(Exercise material begins)

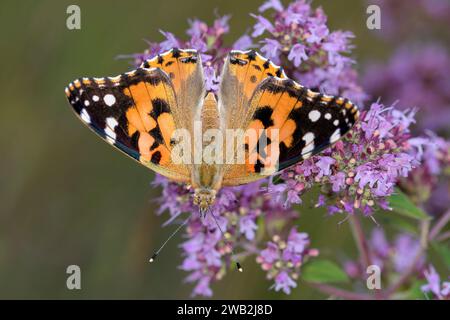 Lady dipinta o farfalla cosmopolita - Vanessa cardui - riposa sull'Origanum vulgare - origano o Marjoram selvatico Foto Stock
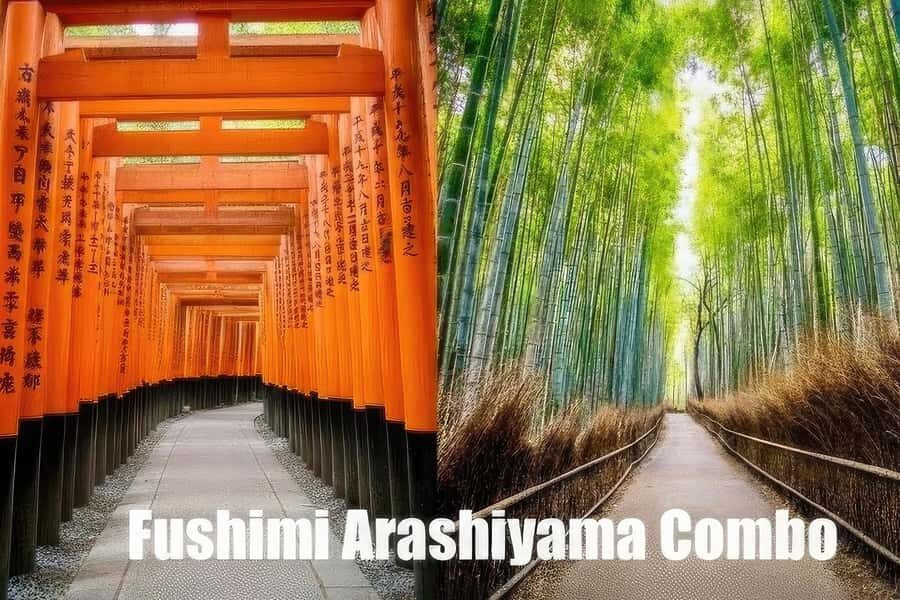 Kyoto: Fushimi, Arashiyama - Bamboo, Monkey, Torii & Secrets - Arashiyama bamboo: the Kyoto photo everyone recognizes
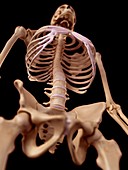 Human skeletal structure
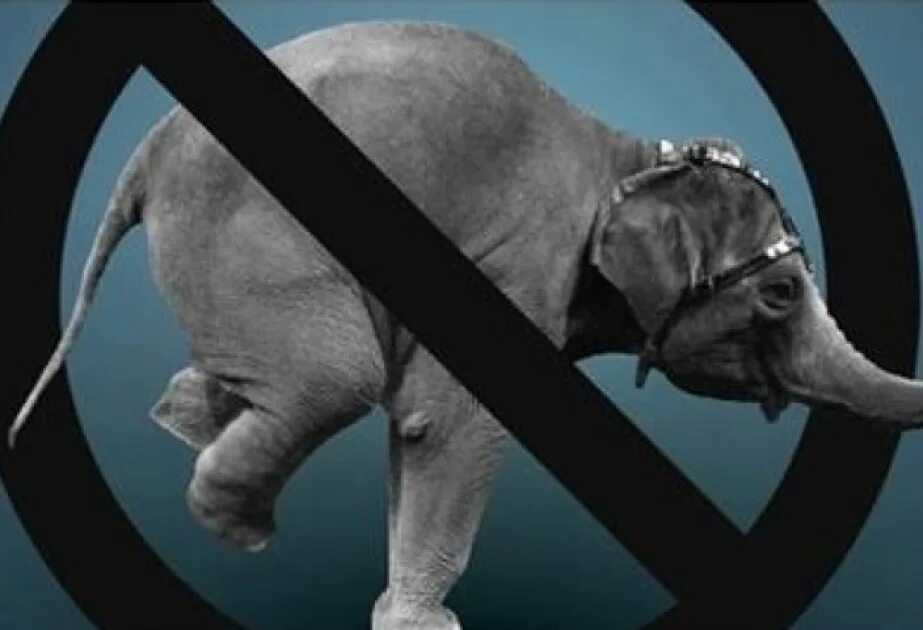 Против цирка с животными. Реклама против животных в цирке. Цирк без животных. Запрет животных в цирке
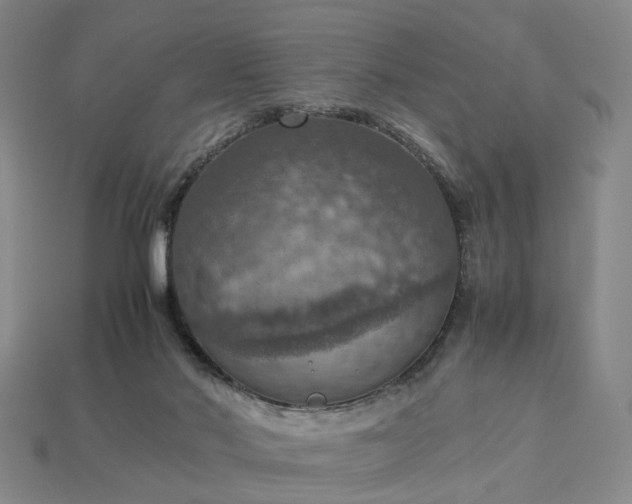 X0000112950022200909071125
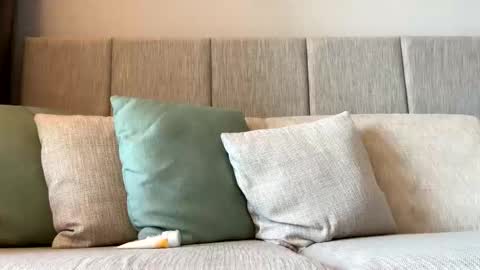 Snapshot of rockboy3000 chatting on 01-05-25, 11:55 rockboy3000 online show from 01-05-25, 11:55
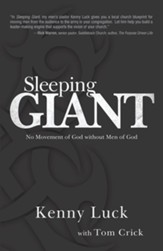 Sleeping Giant: No Movement of God without Men of God - eBook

(Exercise material ends)

§ What you need to do
If a line falls between the one containing "Против цирка с" and the last line of the entries above, both included, reproduce it exactly; leave the pictures out.

§ Task answer
 Против цирка с животными. Реклама против животных в цирке. Цирк без животных. Запрет животных в цирке
 X0000112950022200909071125
 Snapshot of rockboy3000 chatting on 01-05-25, 11:55 rockboy3000 online show from 01-05-25, 11:55
 Sleeping Giant: No Movement of God without Men of God - eBook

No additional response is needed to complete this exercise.